It's a fair policy. Getting those verbose, AI-authored walls of text is very annoying, especially when you're expected to thoroughly review it. It's like a denial-of-service attack on the human mind. I can only imagine how frustrating this can get in open projects that get a lot of contributions.
However, I don't think this will discourage AI-based coding at all. In fact, I see two potential outcomes of these policies:
- Negative: Submitters just add stylistic markers to make their accounts and output seem human-generated. This is like syntactic sugar: the core content and the size of contributions stay the same, but the style gets quirkier.
- Positive: Submitters actually provide to-the-point, no-bullshit commits and comments - "here's the code, here's why I made that change, here are the effects of that change". Even if AI-generated, these small contributions may become much easier to verify & validate. We may even see some standardization in terms of what qualifies as an appropriately sized contribution, what requires more thorough review (e.g., adding unverified dependencies), etc.
I personally wouldn't care if it was AI-generated or not, as long as the content fit the latter category.
> - Negative: Submitters just add stylistic markers to make their accounts and output seem human-generated. This is like syntactic sugar: the core content and the size of contributions stay the same, but the style gets quirkier.
From my experience reviewing, most contributors never read the policies, especially those making a "quick AI PR". I don't expect the new policy to change this much.
> Positive: Submitters actually provide to-the-point, no-bullshit commits and comments
> It's like a denial-of-service attack on the human mind.
I think this may be an example of deliberate hostile design, attempting to force users to adopt LLM based solutions to then summarise the vast output. Pushing back against AI contributions as such in this context makes sense, especially in software with an existing proven track record of great value delivery like Godot.
Contributors can have good intention but verbosity and number of automatically submitted issues kills it.
Few days ago, I have found a small json-based bug in one of popular software. So I submitted an issue that was written by Claude. But it was so verbose that explanation was longer than the bug itself :)

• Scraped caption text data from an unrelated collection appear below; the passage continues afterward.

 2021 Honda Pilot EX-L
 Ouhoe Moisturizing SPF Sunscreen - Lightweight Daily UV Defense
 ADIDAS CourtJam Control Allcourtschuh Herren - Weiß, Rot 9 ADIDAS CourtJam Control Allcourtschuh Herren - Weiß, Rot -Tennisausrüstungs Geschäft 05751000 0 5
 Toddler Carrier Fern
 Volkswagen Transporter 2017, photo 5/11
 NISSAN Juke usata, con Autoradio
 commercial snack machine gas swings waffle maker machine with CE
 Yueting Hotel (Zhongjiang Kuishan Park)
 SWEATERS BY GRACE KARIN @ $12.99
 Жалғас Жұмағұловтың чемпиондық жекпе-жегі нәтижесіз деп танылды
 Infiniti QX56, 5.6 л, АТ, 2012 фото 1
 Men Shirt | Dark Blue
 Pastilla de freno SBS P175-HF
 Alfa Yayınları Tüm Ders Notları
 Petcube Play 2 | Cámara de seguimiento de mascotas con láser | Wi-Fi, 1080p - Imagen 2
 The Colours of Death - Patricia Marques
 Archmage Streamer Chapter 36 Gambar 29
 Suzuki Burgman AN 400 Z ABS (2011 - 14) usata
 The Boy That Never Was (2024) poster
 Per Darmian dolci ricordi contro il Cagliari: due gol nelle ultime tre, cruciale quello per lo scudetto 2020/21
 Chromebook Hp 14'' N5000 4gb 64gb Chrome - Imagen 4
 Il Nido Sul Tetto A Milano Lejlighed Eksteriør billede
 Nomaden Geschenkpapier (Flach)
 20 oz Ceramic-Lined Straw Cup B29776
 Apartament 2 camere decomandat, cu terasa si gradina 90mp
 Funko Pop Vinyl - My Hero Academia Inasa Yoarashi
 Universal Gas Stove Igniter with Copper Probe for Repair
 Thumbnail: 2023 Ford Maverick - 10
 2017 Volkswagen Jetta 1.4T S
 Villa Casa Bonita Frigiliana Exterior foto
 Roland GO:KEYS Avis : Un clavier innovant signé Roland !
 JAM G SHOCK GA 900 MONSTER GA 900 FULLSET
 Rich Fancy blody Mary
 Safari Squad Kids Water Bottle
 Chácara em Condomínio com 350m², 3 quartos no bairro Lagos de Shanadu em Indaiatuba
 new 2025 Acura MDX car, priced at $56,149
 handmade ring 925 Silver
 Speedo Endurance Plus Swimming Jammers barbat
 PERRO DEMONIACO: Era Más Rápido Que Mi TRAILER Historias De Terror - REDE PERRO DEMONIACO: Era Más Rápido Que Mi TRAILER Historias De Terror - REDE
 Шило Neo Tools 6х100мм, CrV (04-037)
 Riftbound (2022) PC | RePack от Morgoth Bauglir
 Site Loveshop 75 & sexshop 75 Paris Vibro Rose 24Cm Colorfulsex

So I had to shorten the text manually.
The whole point of not-accepting AI authored code is because this line is not respected=>"Submitters actually provide to-the-point, no-bullshit commits and comments". You're putting way too much faith into the human minds ability to resist clout-chasing. AI isn't able to humanize code without human supervision.
"If your feedback on PRs is just being absorbed by a machine and not going towards mentoring a potential future maintainer, it becomes much harder to justify spending your free time on PR review," the Foundation said.
Interesting initiative. What are the guiding reasons behind these lists?
I can't think of a functional reason for a no-AI policy: if it runs, it runs, regardless of who or what made it.
Also, even if you avoid AI-generated slop, you can't really avoid the human-generated or human+AI-generated slop that passes your filters.
Still, I can definitely think of good non-functional reasons: provenance, accountability, proof-of-work, encouraging people to write code themselves, empirically tracking how humans develop codebases, etc.
or, maybe, as a form of protest? many people are actively against AI for ethical/moral/personal reasons, so they want to avoid using software made with it
you can see it sort of like making a list of vegan restaurants. you might not see anything wrong with other restaurants (they might even have vegan dishes) but to some people it makes all the difference because they get to choose who they support
I think the main functional reason is that because a human hasn't written the code, its potentially more likely to have subtle hidden bugs that a human cant explain because they didn't write it, as well as large pull requests that have to be validated by a human when smaller human written ones would be better. But I think it's generally the non-functional reasons that projects are rejecting LLM-generated code. Some developers just find LLM generated code icky, and would prefer not to be associated with it
And on top of that - no matter if you develop open-source or proprietary software, who is to guarantee the AI didn't get trained with GPL (or even worse, leaked proprietary) source code? Who is going to pay my lawyer when someone files a copyright lawsuit and all I have as an excuse is that I "AI-laundered" my code?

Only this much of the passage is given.